Year 2006 Potential Operating Items
     Oil, Gas and NGL Production Set forth in the following paragraphs are individual estimates of oil, gas and NGL production for 2006. On a combined basis, Devon estimates its 2006 oil, gas and NGL production will total approximately 217 MMBoe. Of this total, approximately 95% is estimated to be produced from reserves classified as “proved” at December 31, 2005.

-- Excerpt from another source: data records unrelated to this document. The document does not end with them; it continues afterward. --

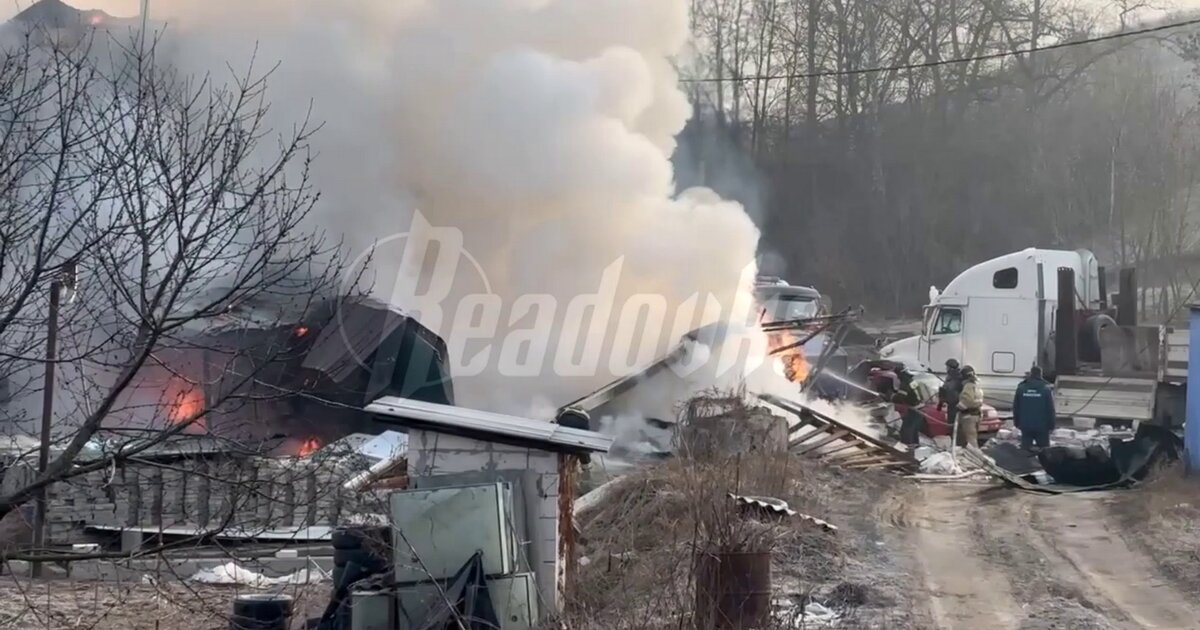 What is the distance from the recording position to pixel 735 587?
23.5 ft

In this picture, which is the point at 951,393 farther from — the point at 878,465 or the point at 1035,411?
the point at 878,465

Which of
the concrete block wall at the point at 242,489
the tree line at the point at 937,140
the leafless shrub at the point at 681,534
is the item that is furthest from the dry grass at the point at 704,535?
the tree line at the point at 937,140

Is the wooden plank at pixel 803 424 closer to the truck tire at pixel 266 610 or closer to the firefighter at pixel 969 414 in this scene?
the firefighter at pixel 969 414

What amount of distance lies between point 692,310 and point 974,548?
975 cm

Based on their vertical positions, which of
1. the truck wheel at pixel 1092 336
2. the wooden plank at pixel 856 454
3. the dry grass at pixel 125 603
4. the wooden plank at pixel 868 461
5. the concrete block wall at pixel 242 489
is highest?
the truck wheel at pixel 1092 336

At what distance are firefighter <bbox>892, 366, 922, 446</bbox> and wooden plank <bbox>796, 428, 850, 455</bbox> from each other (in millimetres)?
2894

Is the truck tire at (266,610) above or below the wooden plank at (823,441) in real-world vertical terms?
below

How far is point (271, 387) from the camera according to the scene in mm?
5723

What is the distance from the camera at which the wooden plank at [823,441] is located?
52.6 ft

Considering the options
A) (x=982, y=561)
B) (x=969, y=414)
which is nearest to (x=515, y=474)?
(x=982, y=561)

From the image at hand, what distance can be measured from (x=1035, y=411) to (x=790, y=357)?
12.5ft

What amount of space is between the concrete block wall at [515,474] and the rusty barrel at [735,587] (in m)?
1.62

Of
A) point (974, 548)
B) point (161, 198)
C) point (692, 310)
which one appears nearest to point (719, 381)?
point (692, 310)

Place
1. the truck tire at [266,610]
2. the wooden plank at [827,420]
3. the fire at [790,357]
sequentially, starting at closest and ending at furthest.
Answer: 1. the truck tire at [266,610]
2. the wooden plank at [827,420]
3. the fire at [790,357]
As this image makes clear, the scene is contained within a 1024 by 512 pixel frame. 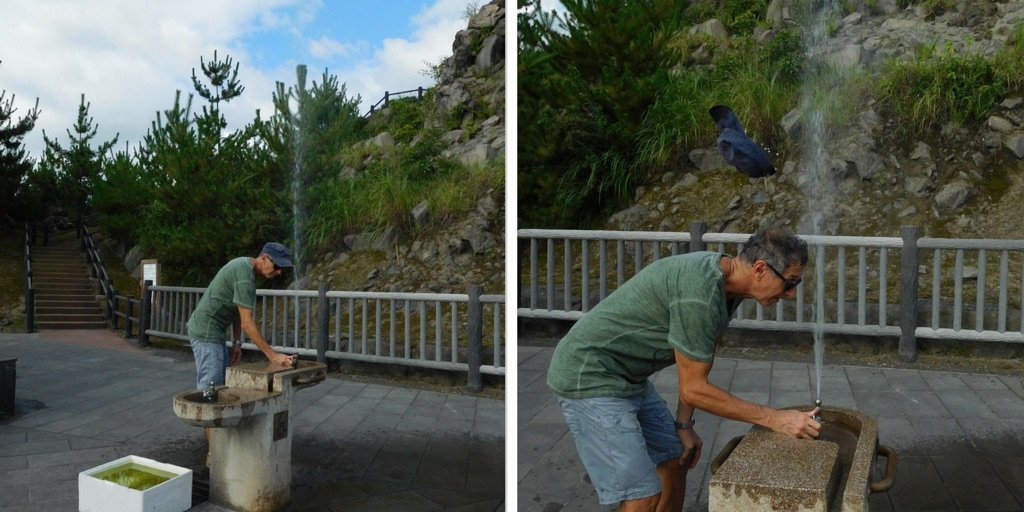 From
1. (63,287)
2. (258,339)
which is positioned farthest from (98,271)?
(258,339)

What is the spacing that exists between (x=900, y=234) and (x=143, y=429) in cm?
243

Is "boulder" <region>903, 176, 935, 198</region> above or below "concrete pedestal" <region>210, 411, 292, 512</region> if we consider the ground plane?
above

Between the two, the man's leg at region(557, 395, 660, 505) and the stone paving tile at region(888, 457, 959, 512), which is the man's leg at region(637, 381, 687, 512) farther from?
the stone paving tile at region(888, 457, 959, 512)

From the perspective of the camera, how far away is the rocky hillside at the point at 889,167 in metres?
1.63

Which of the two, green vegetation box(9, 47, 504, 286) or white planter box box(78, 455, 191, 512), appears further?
green vegetation box(9, 47, 504, 286)

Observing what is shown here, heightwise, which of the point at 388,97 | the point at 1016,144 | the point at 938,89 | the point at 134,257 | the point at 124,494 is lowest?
the point at 124,494

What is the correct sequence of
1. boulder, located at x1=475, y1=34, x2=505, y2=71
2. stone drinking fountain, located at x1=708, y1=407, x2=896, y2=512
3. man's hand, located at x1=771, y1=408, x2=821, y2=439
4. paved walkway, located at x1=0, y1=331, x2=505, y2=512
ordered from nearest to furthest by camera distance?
stone drinking fountain, located at x1=708, y1=407, x2=896, y2=512 → man's hand, located at x1=771, y1=408, x2=821, y2=439 → paved walkway, located at x1=0, y1=331, x2=505, y2=512 → boulder, located at x1=475, y1=34, x2=505, y2=71

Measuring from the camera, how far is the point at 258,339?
8.40ft

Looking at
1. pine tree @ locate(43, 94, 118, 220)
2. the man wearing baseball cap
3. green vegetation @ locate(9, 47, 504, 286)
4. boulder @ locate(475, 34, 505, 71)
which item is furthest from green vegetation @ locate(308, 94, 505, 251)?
pine tree @ locate(43, 94, 118, 220)

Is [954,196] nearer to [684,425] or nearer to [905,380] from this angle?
[905,380]

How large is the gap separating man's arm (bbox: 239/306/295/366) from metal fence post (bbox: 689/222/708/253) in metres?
1.47

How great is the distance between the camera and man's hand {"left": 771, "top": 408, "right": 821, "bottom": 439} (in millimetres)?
1354

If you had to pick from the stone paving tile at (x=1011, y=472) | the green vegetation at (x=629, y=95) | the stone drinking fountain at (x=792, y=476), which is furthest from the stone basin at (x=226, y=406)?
the stone paving tile at (x=1011, y=472)

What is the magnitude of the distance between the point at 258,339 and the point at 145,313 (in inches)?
15.9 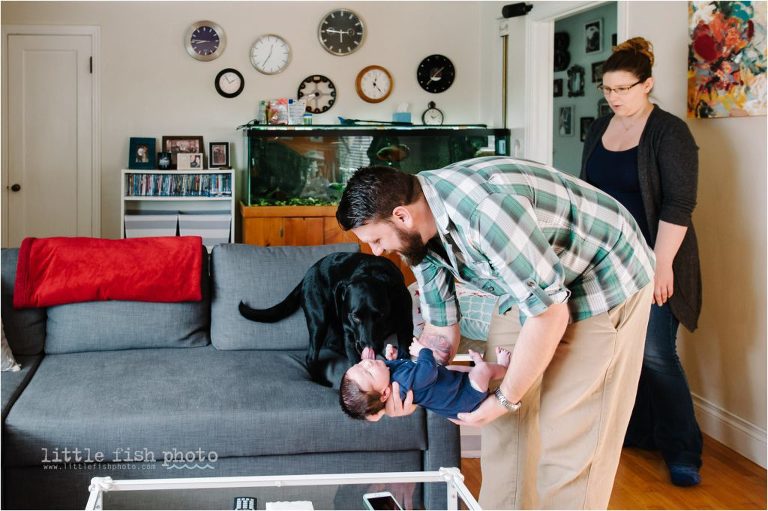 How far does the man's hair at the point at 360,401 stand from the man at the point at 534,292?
0.07 metres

     Oil Production Oil production in 2006 is expected to total approximately 58 MMBbls. Of this total, approximately 99% is estimated to be produced from reserves classified as “proved” at December 31, 2005. The expected production by area is as follows:
         
    (MMBbls)
United States Onshore
    11  
United States Offshore
    9  
Canada
    14  
International
    24  
     Oil Prices Devon has not fixed the price it will receive on any of its 2006 oil production. Devon’s 2006 average prices for each of its areas are expected to differ from the NYMEX price as set forth in the following table. The NYMEX price is the monthly average of settled prices on each trading day for benchmark West Texas Intermediate crude oil delivered at Cushing, Oklahoma.
         
    Expected Range of Oil Prices
    as a % of NYMEX Price
United States Onshore
  86% to 94%
United States Offshore
  86% to 94%
Canada
  65% to 75%
International
  80% to 88%
     Gas Production Gas production in 2006 is expected to total approximately 820 Bcf. Of this total, approximately 94% is estimated to be produced from reserves classified as “proved” at December 31, 2005. The expected production by area is as follows:
         
    (Bcf)
United States Onshore
    492  
United States Offshore
    75  
Canada
    243  
International
    10  
     Gas Prices – Fixed The price for approximately 2% of Devon’s estimated 2006 natural gas production has been fixed via various fixed-price physical delivery contracts The following table includes information on this fixed-price production by area. Where necessary, the prices have been adjusted for certain transportation costs that are netted against the prices recorded by Devon, and the prices have also been adjusted for the expected Btu content of the gas hedged.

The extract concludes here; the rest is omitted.